§ Data provided:
________

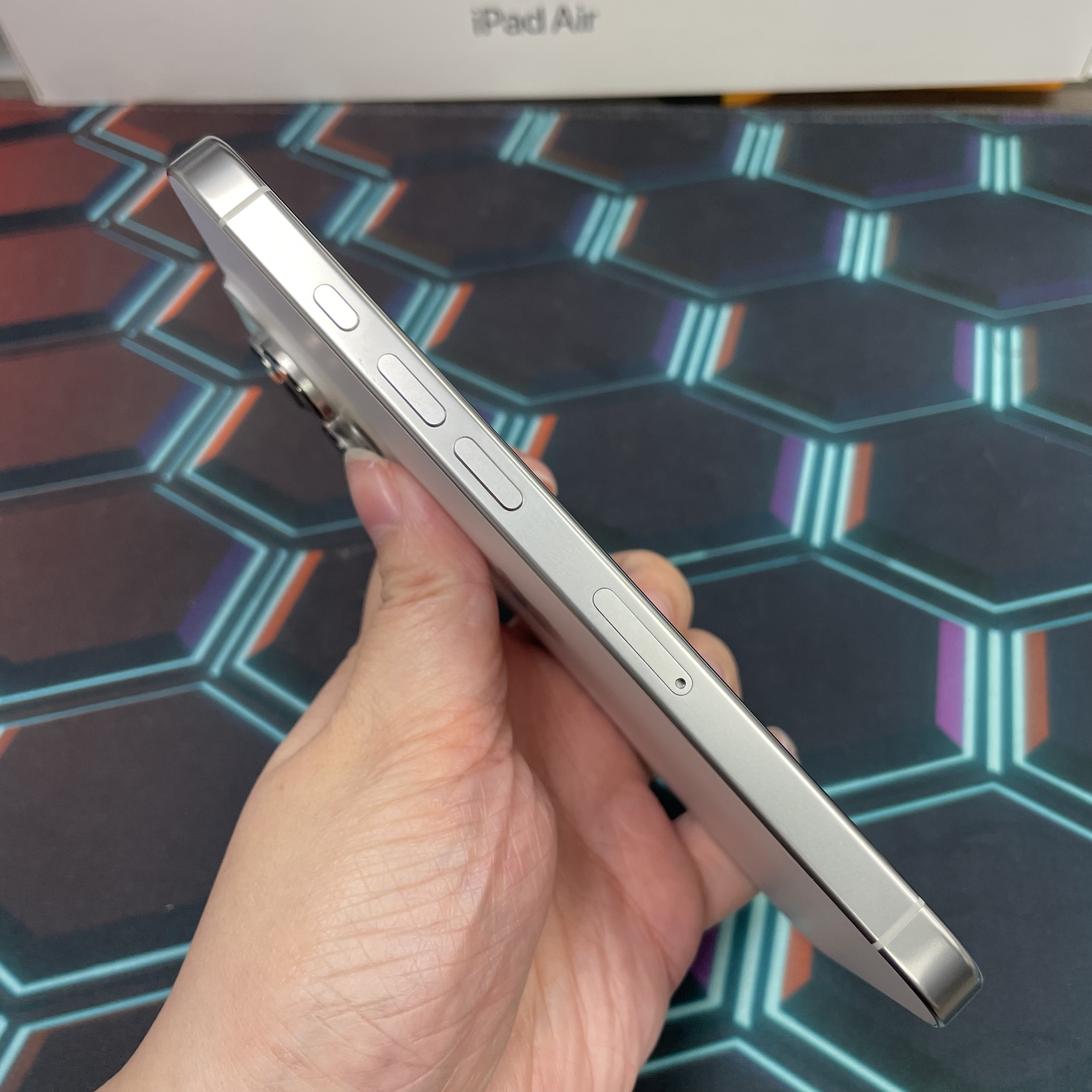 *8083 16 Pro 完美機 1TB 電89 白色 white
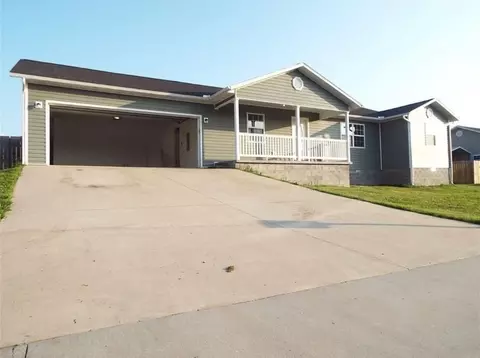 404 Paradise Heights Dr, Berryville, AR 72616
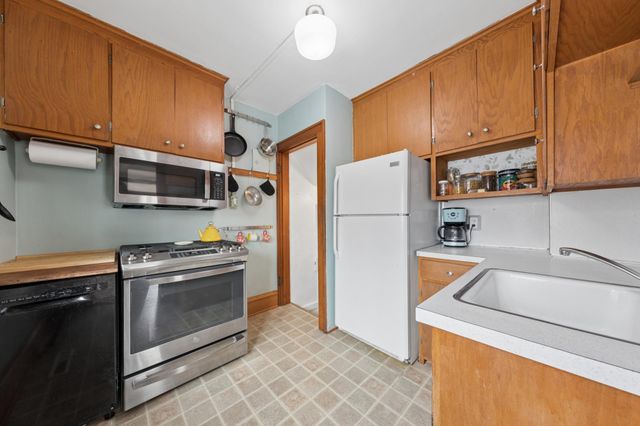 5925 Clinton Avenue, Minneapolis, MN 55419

________

§ What you will do: Could the data above be repeated exactly, with every picture dropped?

§ Solution to the problem:
 *8083 16 Pro 完美機 1TB 電89 白色 white
 404 Paradise Heights Dr, Berryville, AR 72616
 5925 Clinton Avenue, Minneapolis, MN 55419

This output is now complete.